WHAT THE EXERCISE ASKS: Starting with the line that holds "Ping Pong Tischtennis", reproduce each line through the last one of the data, exactly as written. Pictures are not copied.

INFORMATION:
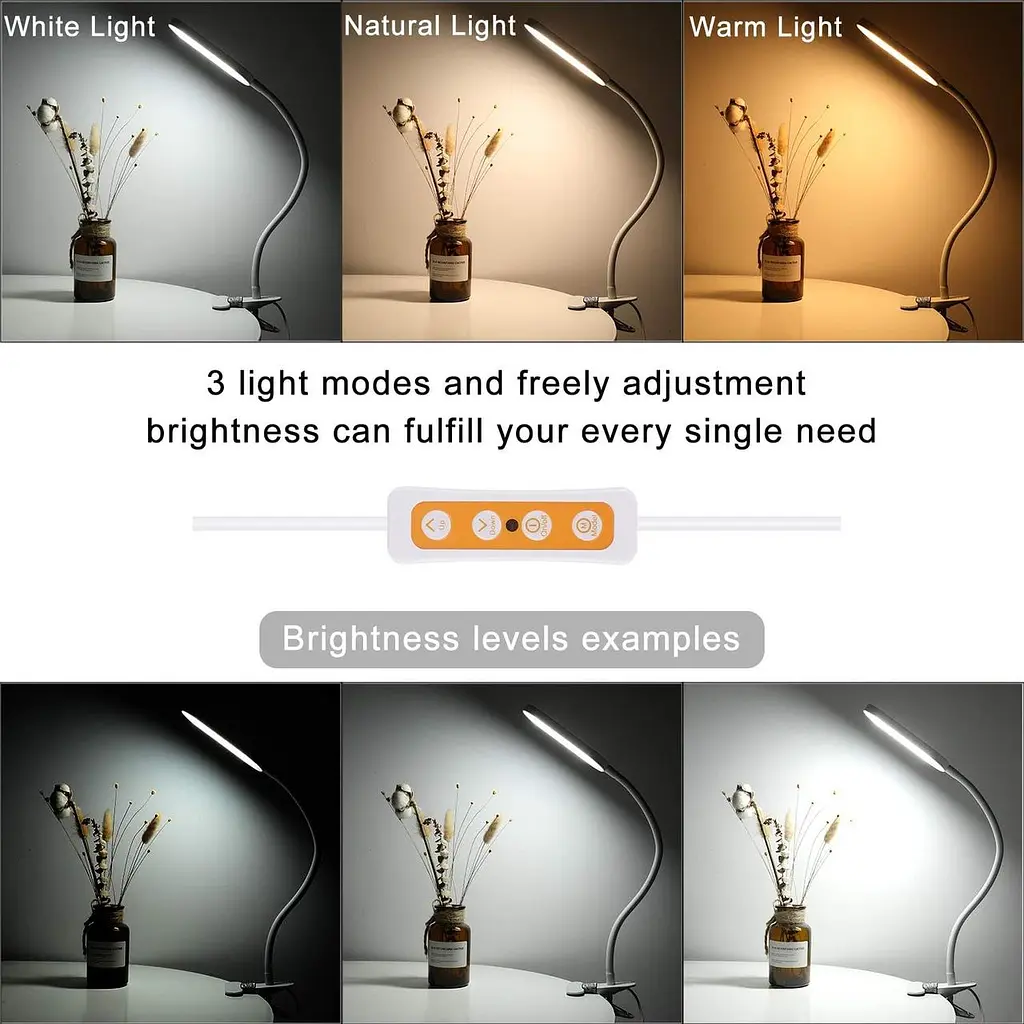 Гнучка світлодіодна лампа для читання регульоване затискне світло з 3 колірна температура регульована яскравість - фото 5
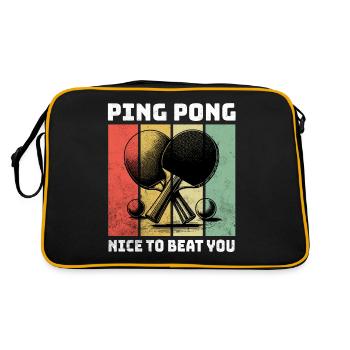 Ping Pong Tischtennis - Retro Tasche - Schwarz/Gold - Hinten
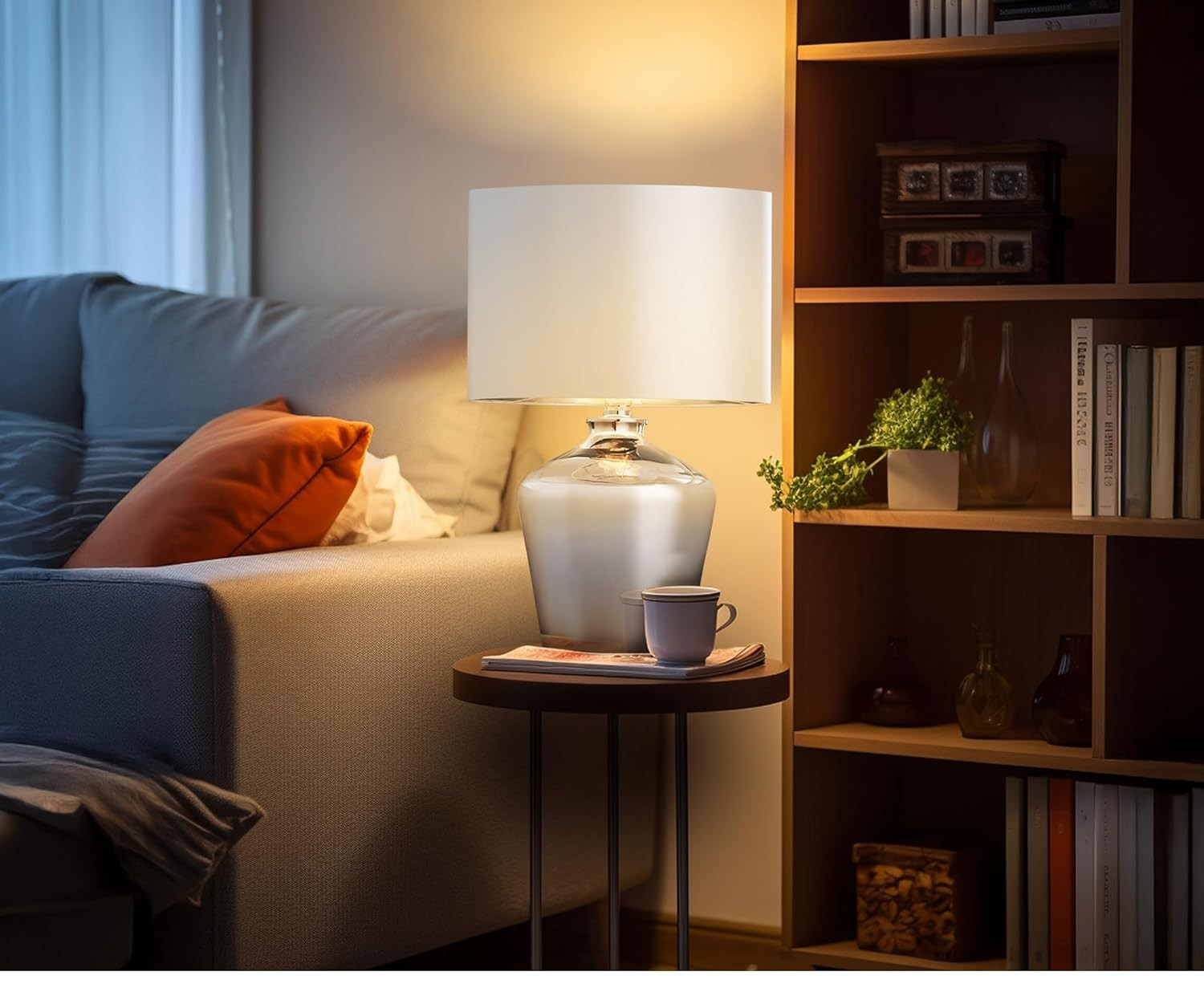 Dimmable Chrome Glass Table Lamp with Ivory Shade, LED Compatible, 47cm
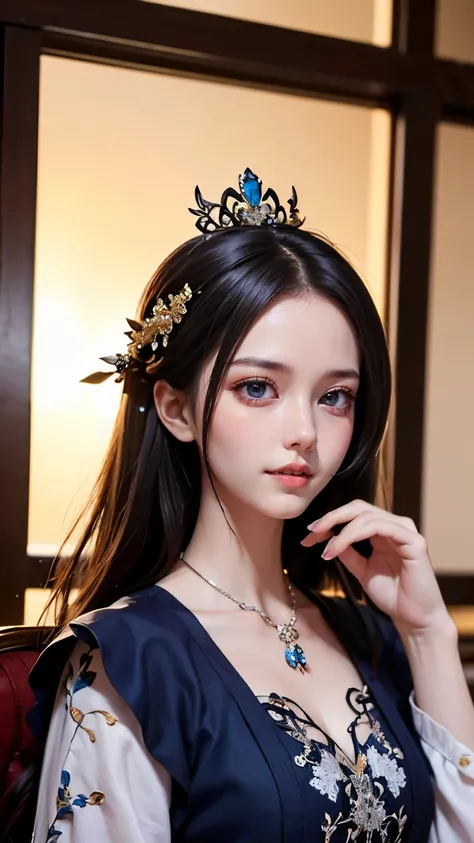 ((最high quality、masterpiece、Like the picture:1.4、In 8K))、Beautiful Woman And Dragon、18-year-old、Beautiful expression、Highly detailed eyes and face、Beautiful and fine details、（Luxury dress in medieval European style、Princess）、Luxury Accessories、（Princess an...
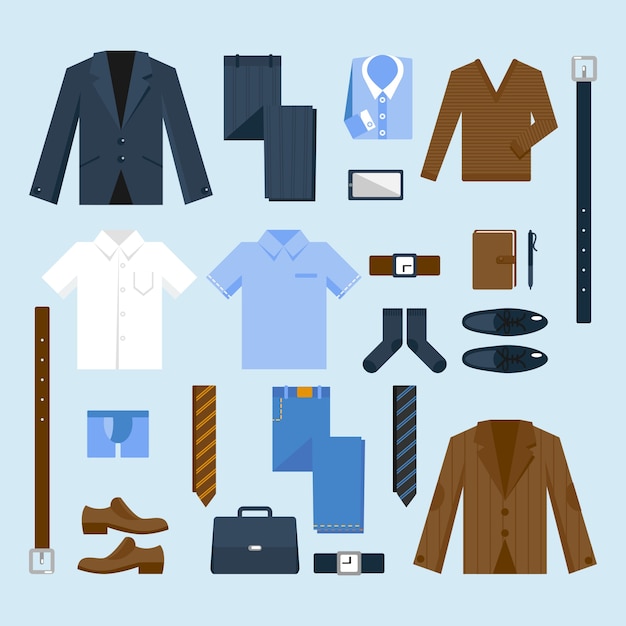 Free vector businessman clothes icons set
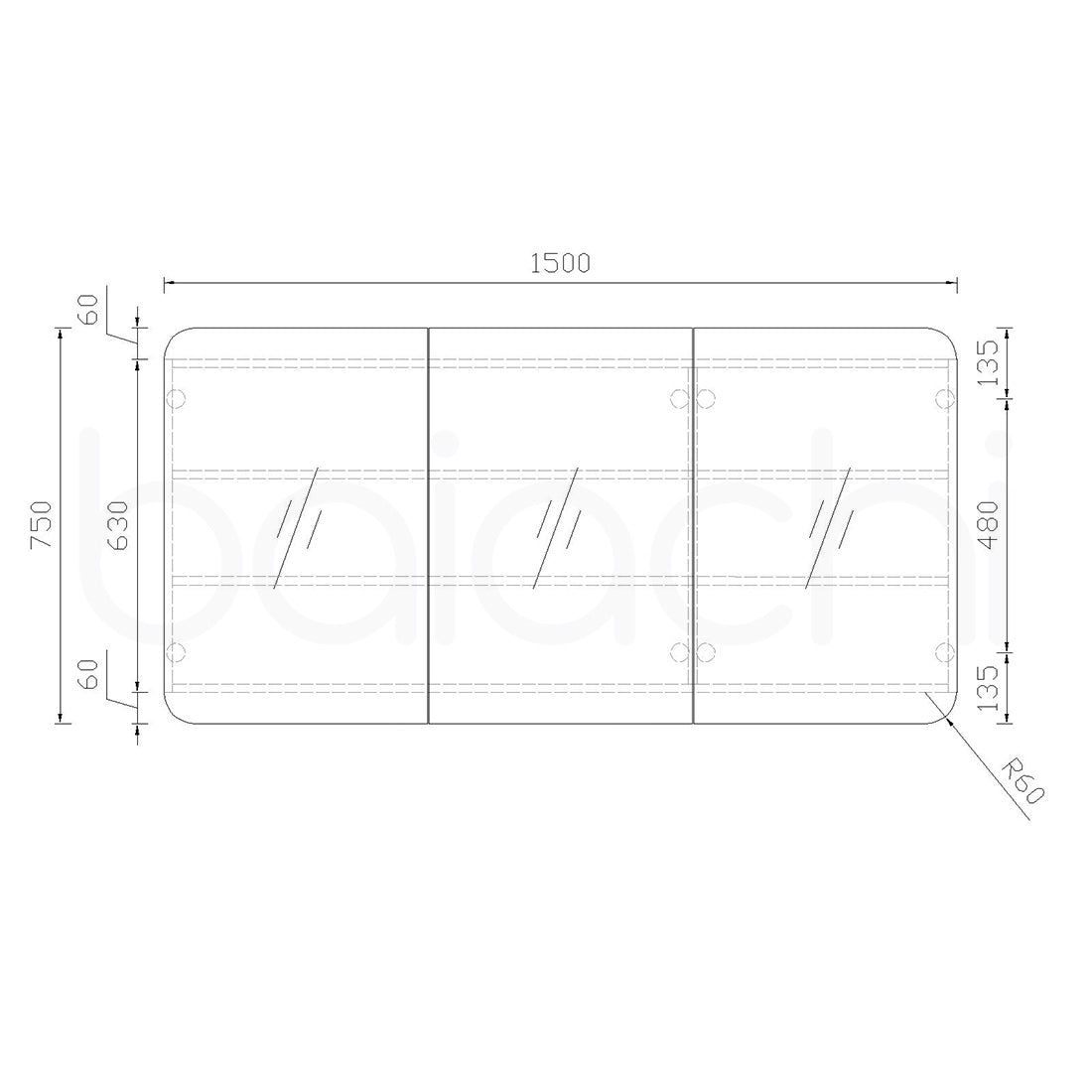Baiachi 1500x750 Round Edge Mirror Cabinet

RESULT:
 Ping Pong Tischtennis - Retro Tasche - Schwarz/Gold - Hinten
 Dimmable Chrome Glass Table Lamp with Ivory Shade, LED Compatible, 47cm
 ((最high quality、masterpiece、Like the picture:1.4、In 8K))、Beautiful Woman And Dragon、18-year-old、Beautiful expression、Highly detailed eyes and face、Beautiful and fine details、（Luxury dress in medieval European style、Princess）、Luxury Accessories、（Princess an...
 Free vector businessman clothes icons set
Baiachi 1500x750 Round Edge Mirror Cabinet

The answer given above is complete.